A couple of posts ago, I received a small groundswell of comments urging me to get into therapy.  At first I was all, Lulz, what do you think this blog is, if not my hour?  But that was only marginally funny at first, and increasingly less so as more comments rolled in.  I imagine there were a fair number of you who had similar thoughts and didn’t post.

The commenters sounded sincere, thoughtful and concerned, and in my experience, it takes a certain amount of guts to say something to a person’s face instead of just thinking girl’s a trainwreck and closing the browser.  So, thank you.  I gave those comments and the reasoning in them careful consideration.

The thing is, my whole life has been dedicated to seeking approval from others.  I’m a revelation here at 39, finally understand I’m crippled by the need for it and the need to do it.  I’m struggling to let go of those bad patterns and learn how to be assured of my own OKness by nothing and no one other than my own self.

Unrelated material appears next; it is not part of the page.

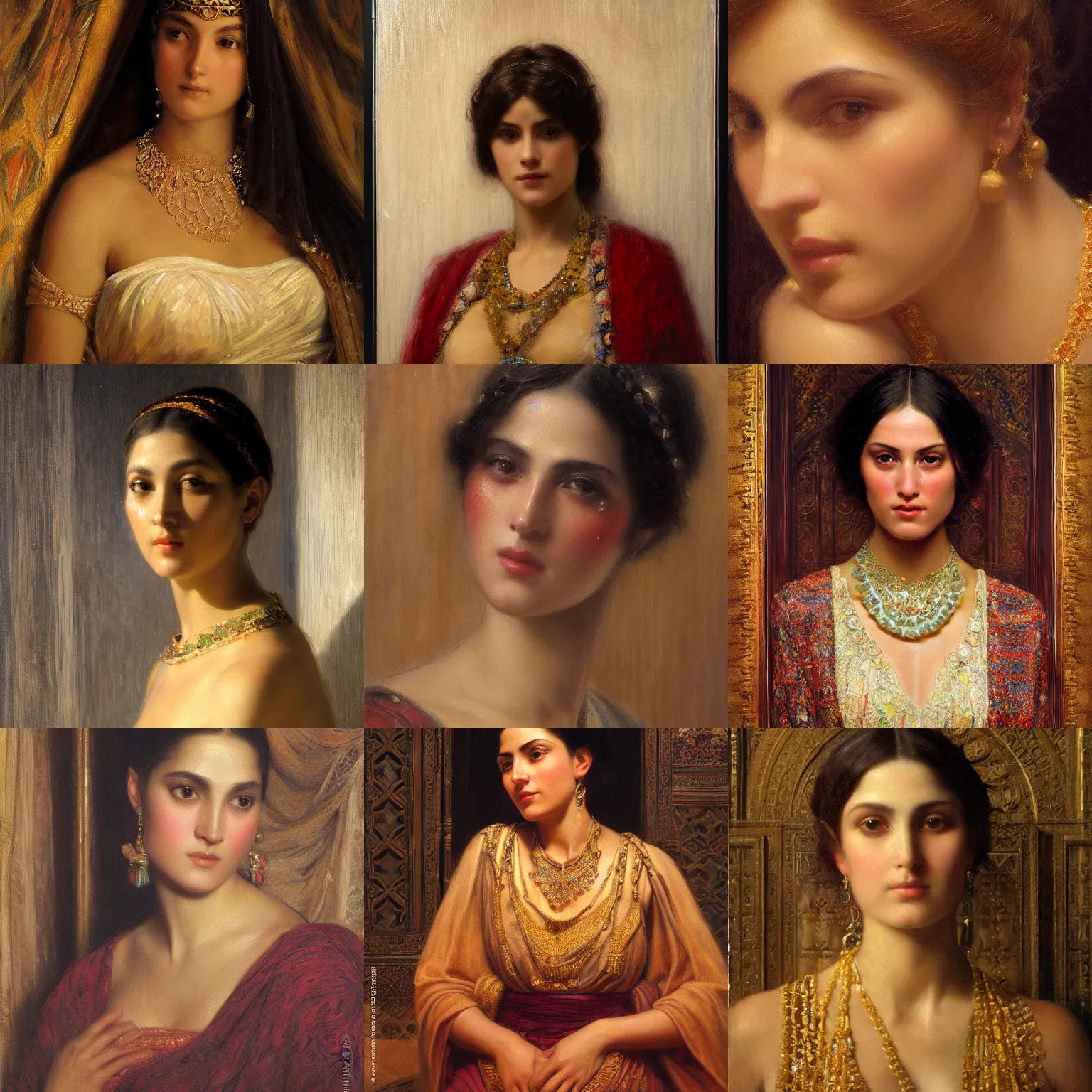 Prompt: orientalism face detail of a beautiful woman with interesting lighting in a palace by edwin longsden long and theodore ralli and nasreddine dinet and adam styka, masterful intricate art. oil on canvas, excellent lighting, high detail 8 k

Right or wrong, I’m not going to therapy.  It would be recreating a relationship in which an authority figure told me whether or not I’m OK.

Even if the therapist told me everything I did was awesome fantastic, the premise of the relationship would still be trusting his/her approval over my own.  Even if the therapist had some really boss skills to pass along to fix my life up nice and tidy.  I can’t give that authority away — I’m struggling too hard to hold on to the piece I have.  And more importantly, I don’t want to.  I want to figure this out myself.

I know one of the hardest things to do is watch someone struggle.  Especially if it’s a puzzle where the answer is so obvious from the outside, and the person puzzling can’t see what you see. OH MY GOD, JUST MOVE ASIDE AND LET ME DO IT.  I know my blog right now probably pushes those buttons for some of you.  I know you are trying to help.

I have to learn this.  It’s probably going to be messy, not a straight line to healthier living, and I’ll undoubtedly make cringe-worthy mistakes.  If it feels like nails on chalkboard to watch it happen, I am sorry, but I’m doing it anyway.  I know sometimes “please get help” is code for “you are making me uncomfortable, so please do this somewhere else so you can be normal when I see you.”  I know that feeling, I know that code.  But the mission of this blog has always been to tell the things I’d be embarrassed to discuss in real life.  No harm, no foul, if this is not for you, let’s hook up at some future date.

 

PS:  Also, super not trying to single out people who left comments — I imagine since this was a running theme that it was on a lot of people’s minds.

PPS:  Specifically to the people who commented about therapy — I know we’ve talked off-blog, and I appreciate the care you took to give me risky feedback.  You are very much appreciated, even if we don’t see eye-to-eye on this point.